In your copy, leave out the pictures and repeat every record exactly.

(Saved data entries)
^^^^^^^^

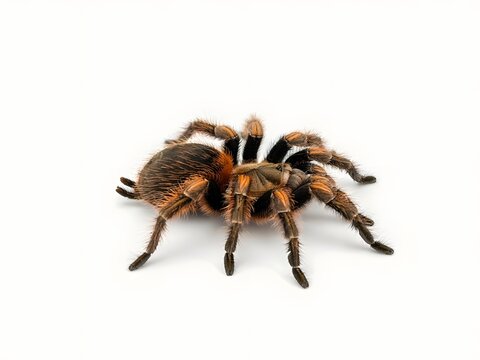 Close-up macro shot of a venomous tarantula spider isolated on white background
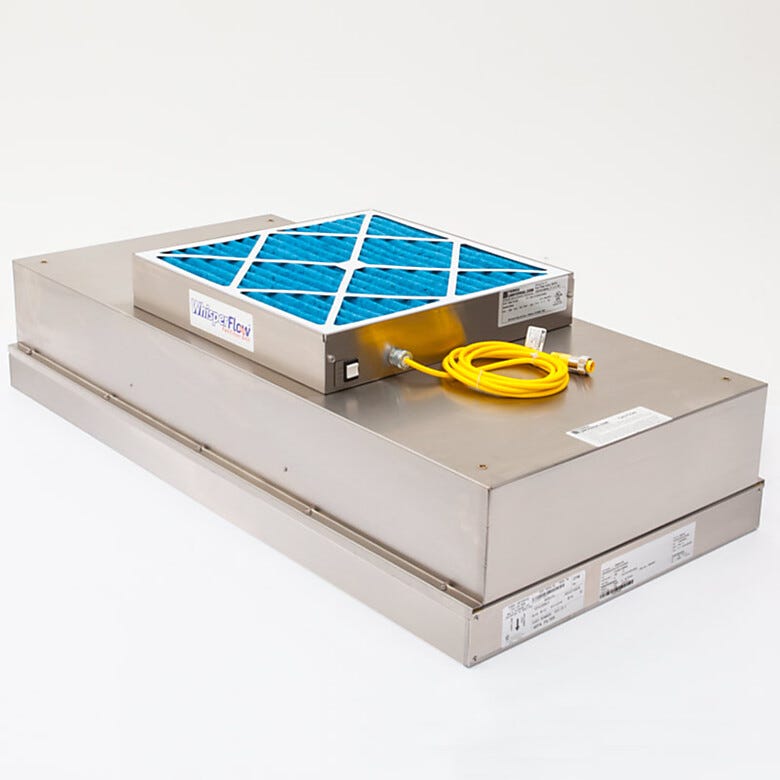 WhisperFlow™ Stainless Steel ULPA Fan Filter Unit captures 99.995% of 0.12-µm particles; stainless steel housing and filter frame | 6601-24-USS displayed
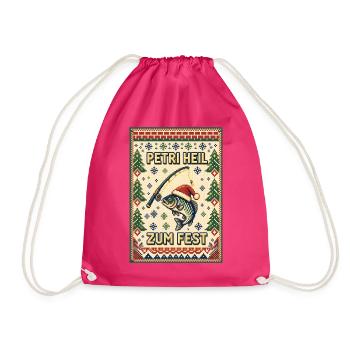 Petri Heil zum Fest – Pixel Ugly Sweater Angler - Turnbeutel - Fuchsia - Vorne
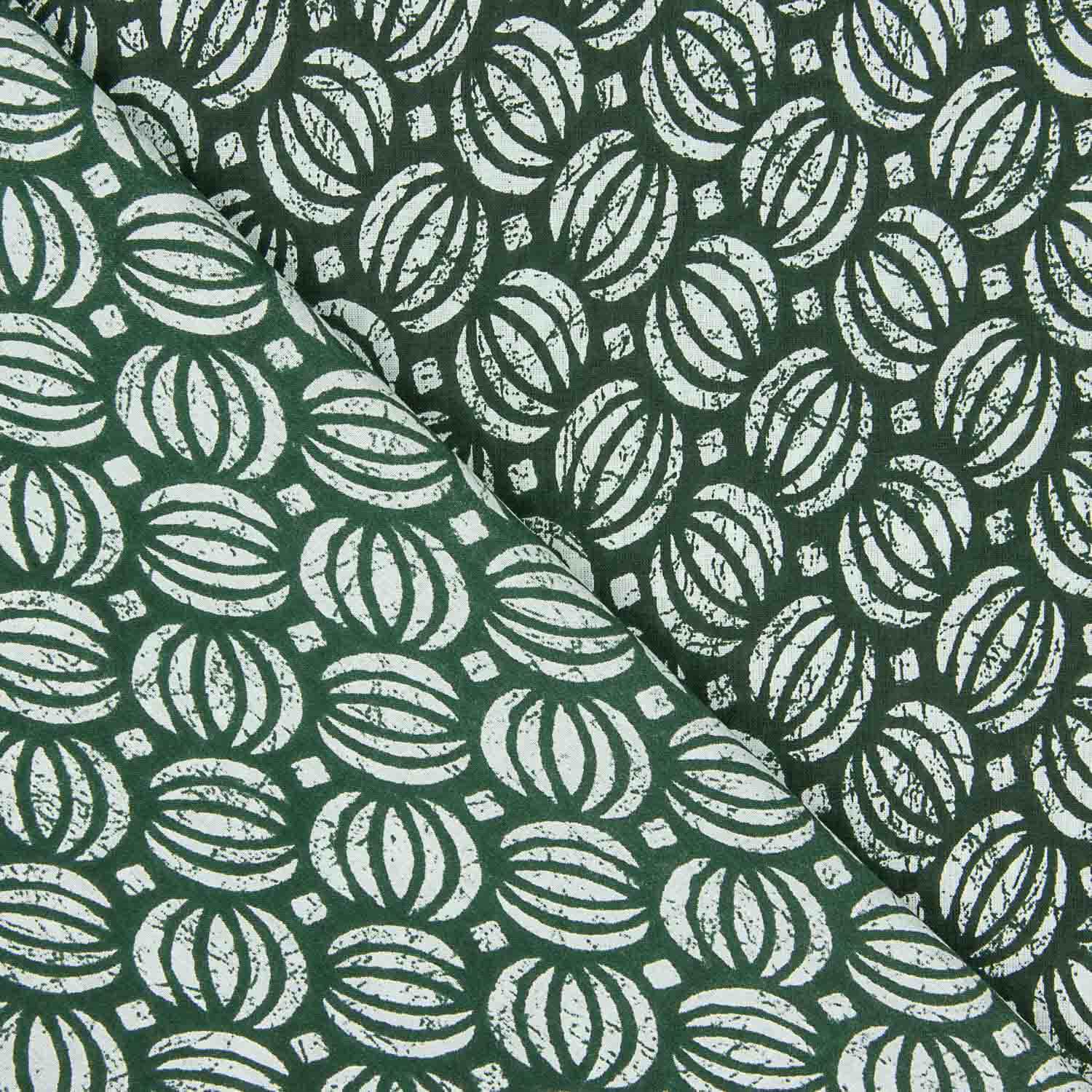 Green Botanical Seed Print Cotton Voile - Ribes y Casals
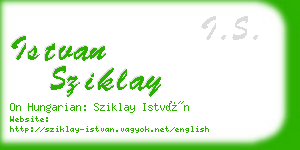 istvan sziklay business card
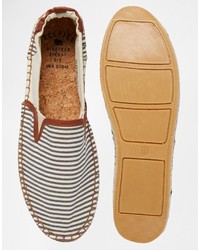 graue horizontal gestreifte Segeltuch Espadrilles von Bellfield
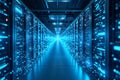 Futuristic Cloud Computing Data Center with Glowing Digital Network Royalty Free Stock Photo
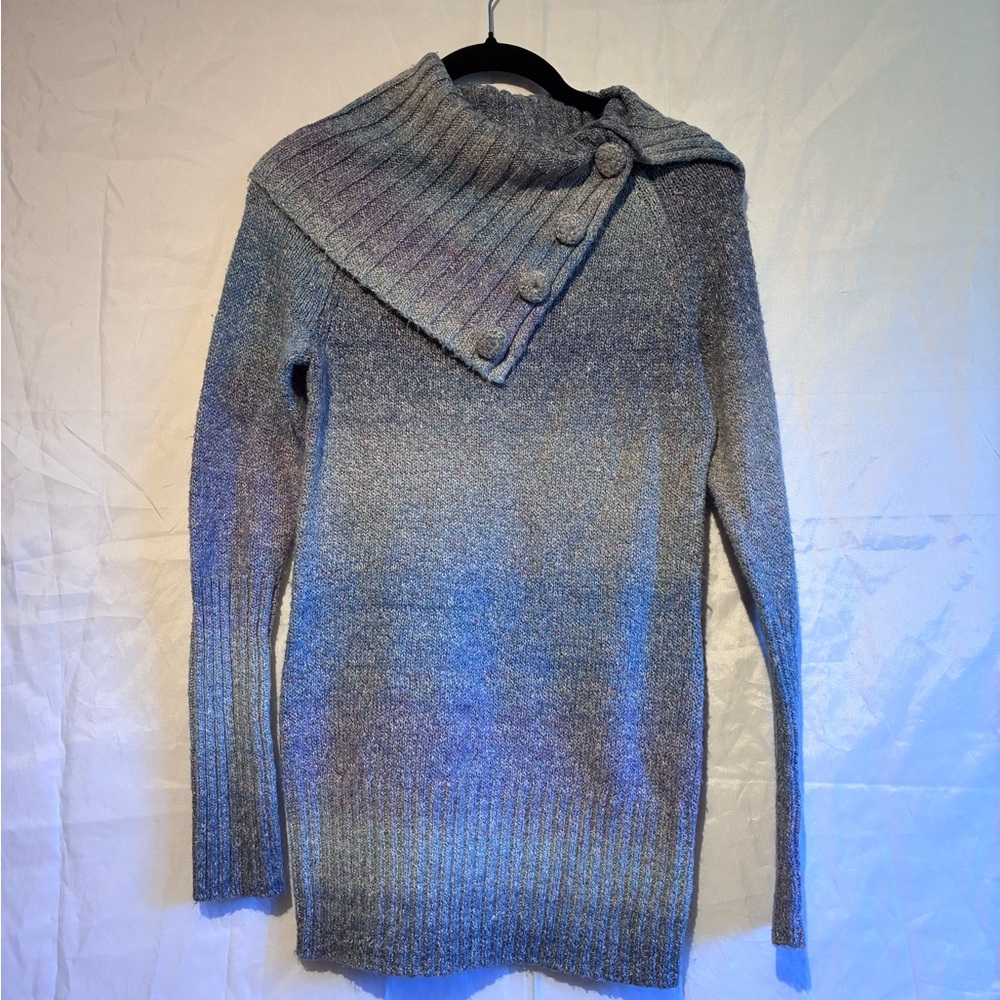 One A Blue Heather Cowl Neck Sweater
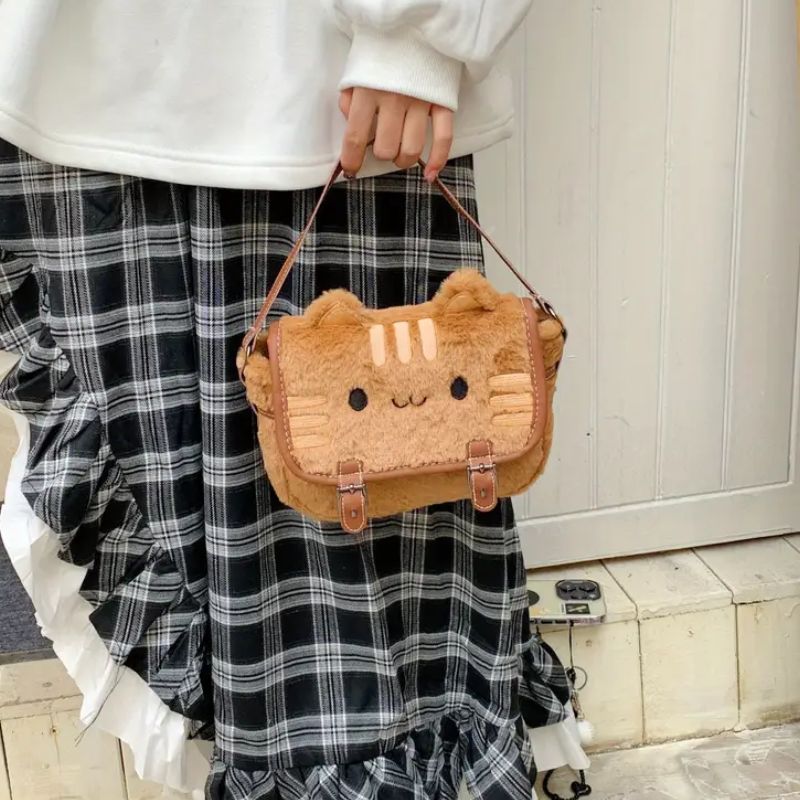 Kawaii Cat Shoulder Bag – Brown Faux Leather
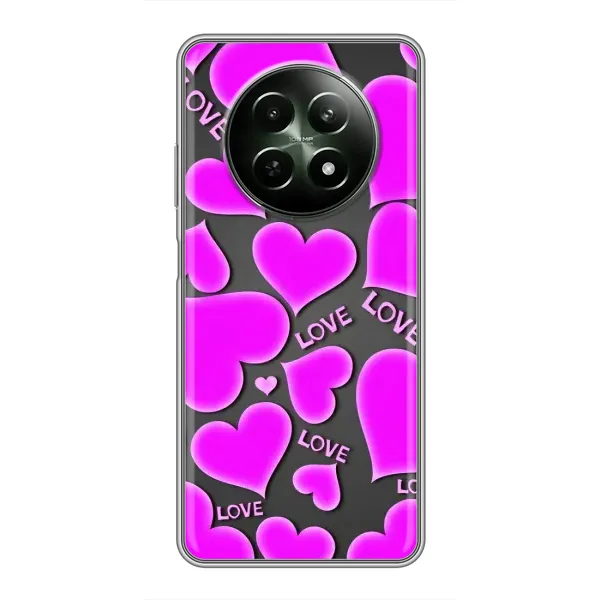 Чехол с принтом «Pink hearts» для Realme 12 5G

^^^^^^^^

→ **Written solution**:
 Close-up macro shot of a venomous tarantula spider isolated on white background
 WhisperFlow™ Stainless Steel ULPA Fan Filter Unit captures 99.995% of 0.12-µm particles; stainless steel housing and filter frame | 6601-24-USS displayed
 Petri Heil zum Fest – Pixel Ugly Sweater Angler - Turnbeutel - Fuchsia - Vorne
 Green Botanical Seed Print Cotton Voile - Ribes y Casals
 istvan sziklay business card
 graue horizontal gestreifte Segeltuch Espadrilles von Bellfield
 Futuristic Cloud Computing Data Center with Glowing Digital Network Royalty Free Stock Photo
 One A Blue Heather Cowl Neck Sweater
 Kawaii Cat Shoulder Bag – Brown Faux Leather
 Чехол с принтом «Pink hearts» для Realme 12 5G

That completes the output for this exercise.